## [Problem to solve]
Reproduce exactly the lines from the start of the records through the line containing "Un dormitorio con", both included. Leave the pictures out.

## [Records]
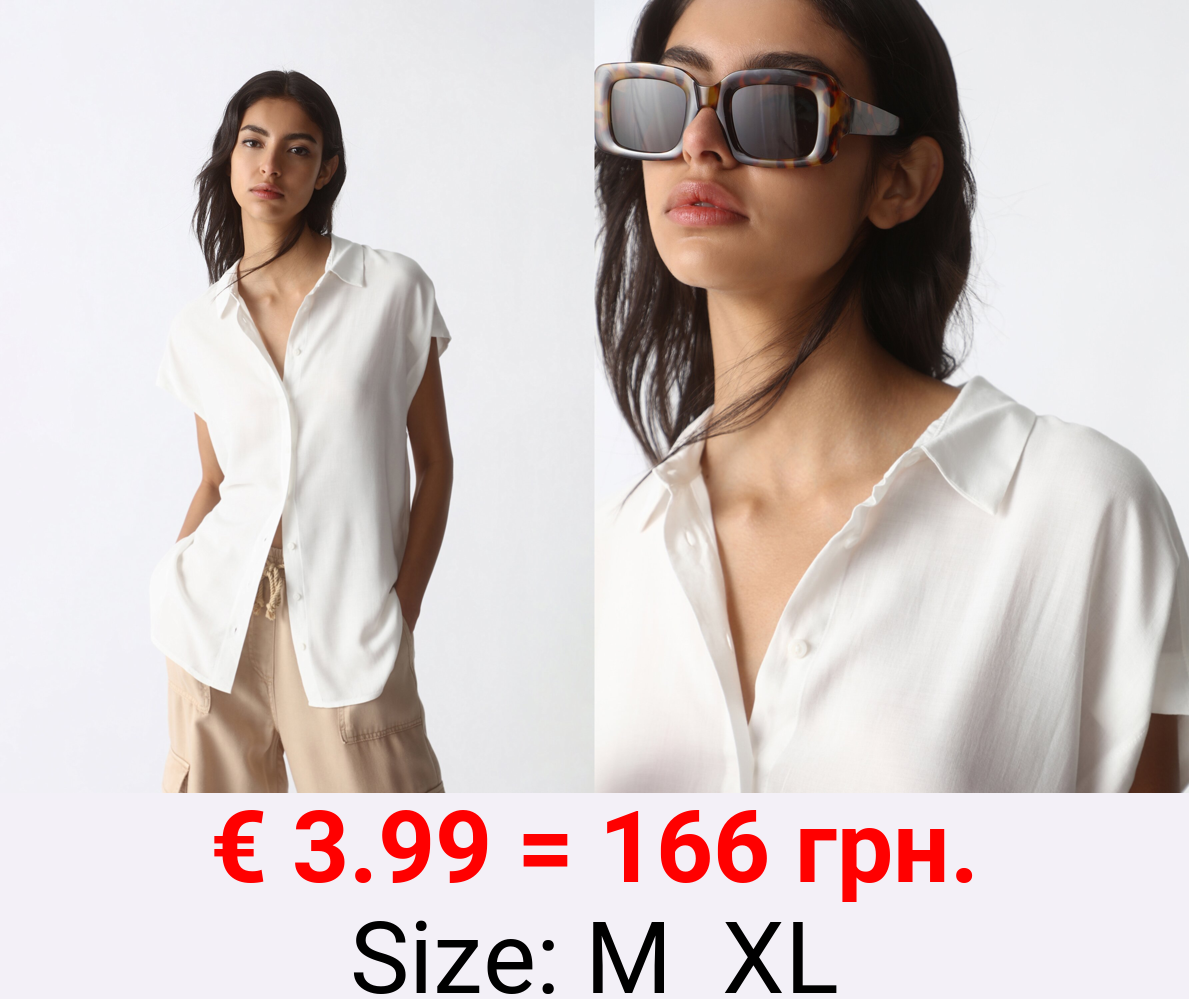 Flowing sleeveless shirt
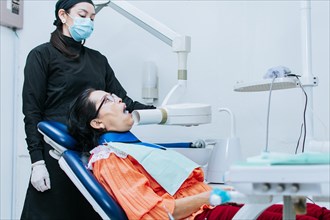 A female dentist performing dental x-rays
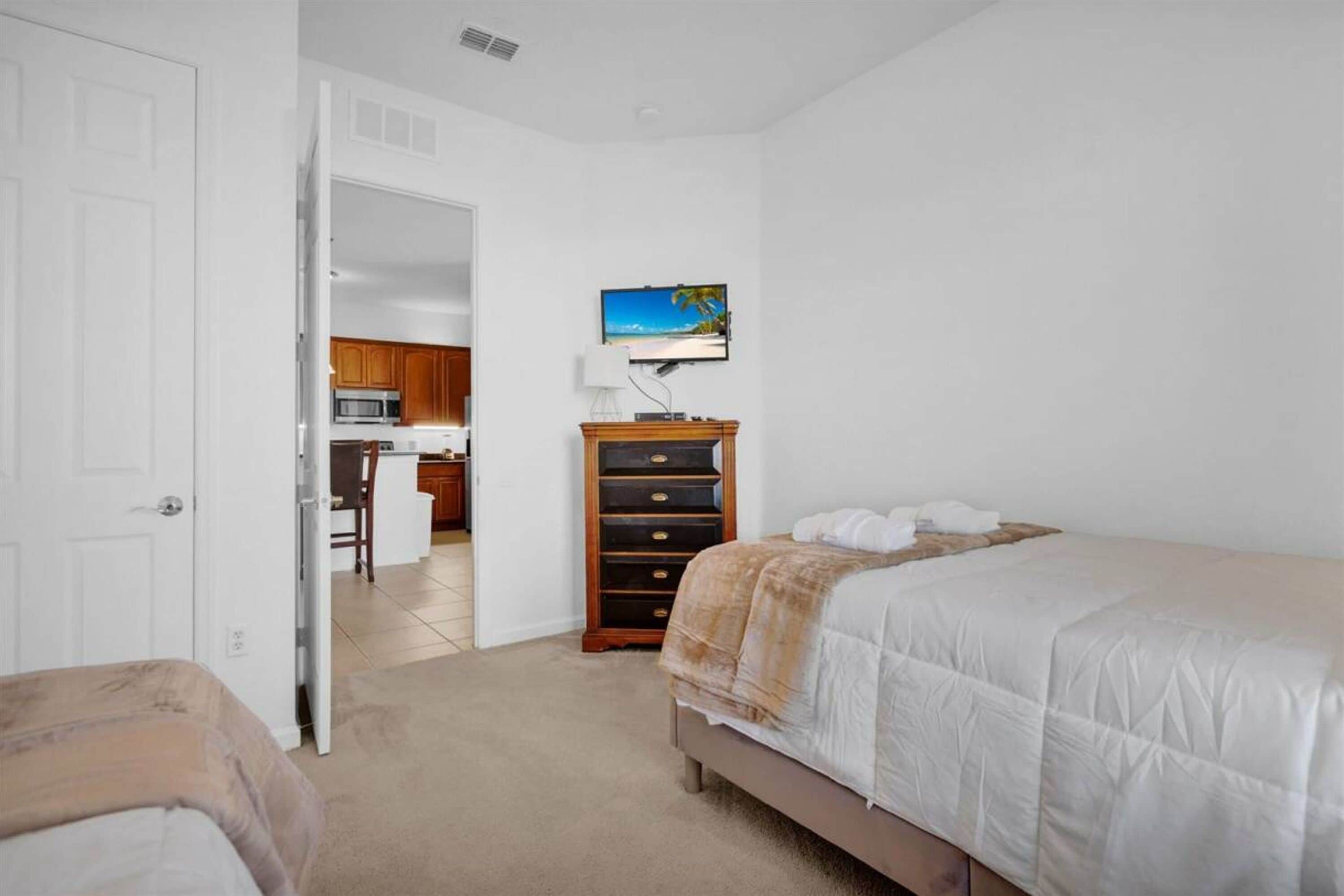 Un dormitorio con cama, cómoda, televisor en la pared y una zona de cocina al fondo.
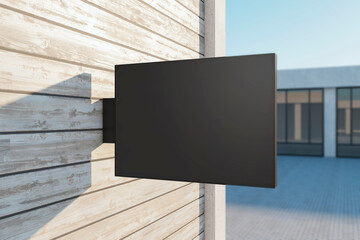 Wall Mural - Empty rectangular black stopper on wooden building. Bright city with sunlight background. Ad, pub, cafe, or restaurant banner. Mock up, 3D Rendering.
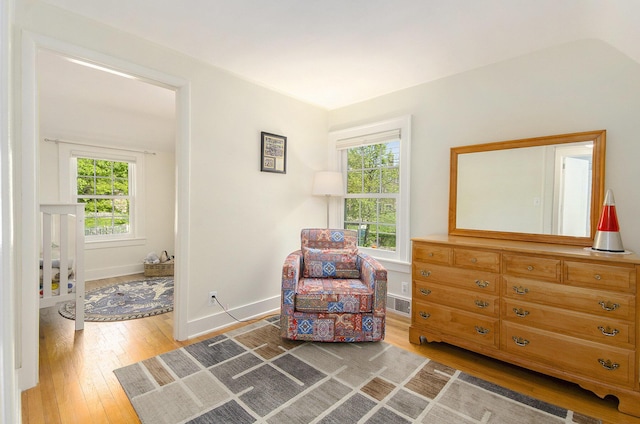 living area featuring light wood finished floors, plenty of natural light, and baseboards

## [Solution to the exercise]
 Flowing sleeveless shirt
 A female dentist performing dental x-rays
 Un dormitorio con cama, cómoda, televisor en la pared y una zona de cocina al fondo.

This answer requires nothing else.